Sesi berikutnya, Rusin (49), ayah dari Muhammad Fikri, menceritakan pengalaman pahit anaknya yang menjadi korban salah tangkap oleh polisi dalam kasus pembegalan di Tambelang pada 3 Februari 2022. Meski Fikri telah dibebaskan, Rusin masih memperjuangkan keadilan atas kerugian yang dialami anaknya dan mengungkap kekecewaannya terhadap aparat kepolisian.
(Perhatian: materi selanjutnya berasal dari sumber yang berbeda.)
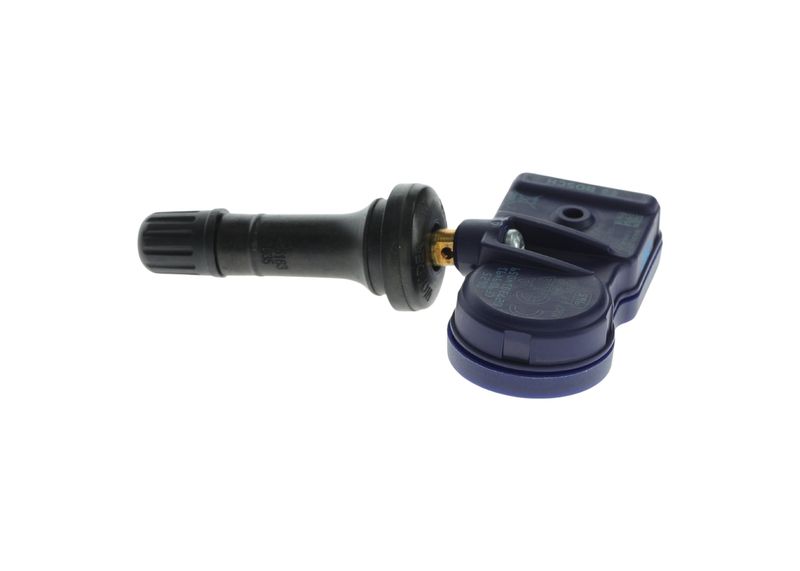 Sensor de ruedas, control presión neumáticos BOSCH 0 273 014 059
“Saya di sini untuk berbagi cerita tentang kinerja aparat yang tidak tahu malu. Mereka, para bajingan itu, menangkap anak saya tanpa alasan!” ujar Rusin dengan penuh emosi. Ia juga menyebutkan bahwa kondisi anaknya memburuk selama lima bulan ditahan tanpa sinar matahari. “Hewan saja butuh sinar matahari, ini manusia loh!” tegasnya.
Anggota Kontras, Andi Staf Advokasi Hak Asasi Manusia di Komisi Untuk Orang Hilang dan Korban Tindak Kekerasan (Kontras) kemudian menyoroti lemahnya penegakan hukum di Indonesia, khususnya terkait penanganan kasus Kanjuruhan. Ia mengungkapkan bahwa penembakan gas air mata tidak hanya terjadi di dalam stadion, tetapi juga di luar stadion.
“Apa yang kalian lihat di media sosial hanyalah sebagian. Banyak orang berjatuhan di luar stadion, namun fakta ini tidak sepenuhnya diungkap oleh aparat penegak hukum,” ujar Andi. Ia juga menyebutkan bahwa ada banyak bukti, seperti rekaman CCTV dan video, yang seharusnya cukup untuk mengungkap pelaku penembakan gas air mata.
Andi menambahkan bahwa penggunaan gas air mata seharusnya mengikuti prosedur yang ketat. “Polisi seharusnya memiliki tahapan yang jelas sebelum menggunakan gas air mata, dan dalam tragedi Kanjuruhan, hal ini tidak dijalankan dengan benar,” tambahnya.
Arif Maulana, Wakil Ketua Bidang Advokasi YLBHI, menjelaskan pentingnya hak-hak korban dalam peristiwa kekerasan. Ia menegaskan bahwa korban berhak atas kebenaran, keadilan, pemulihan, serta hak untuk tidak menjadi korban lagi.
“Ada empat hak utama korban: pertama, hak atas kebenaran; mereka berhak mengetahui apa yang sebenarnya terjadi. Kedua, hak atas keadilan; jika tidak bersalah, korban harus dibebaskan dan tidak boleh dituduh sebagai pelaku. Ketiga, hak atas pemulihan. Keempat, yang paling penting, kita berhak untuk tidak menjadi korban berikutnya,” jelas Arif.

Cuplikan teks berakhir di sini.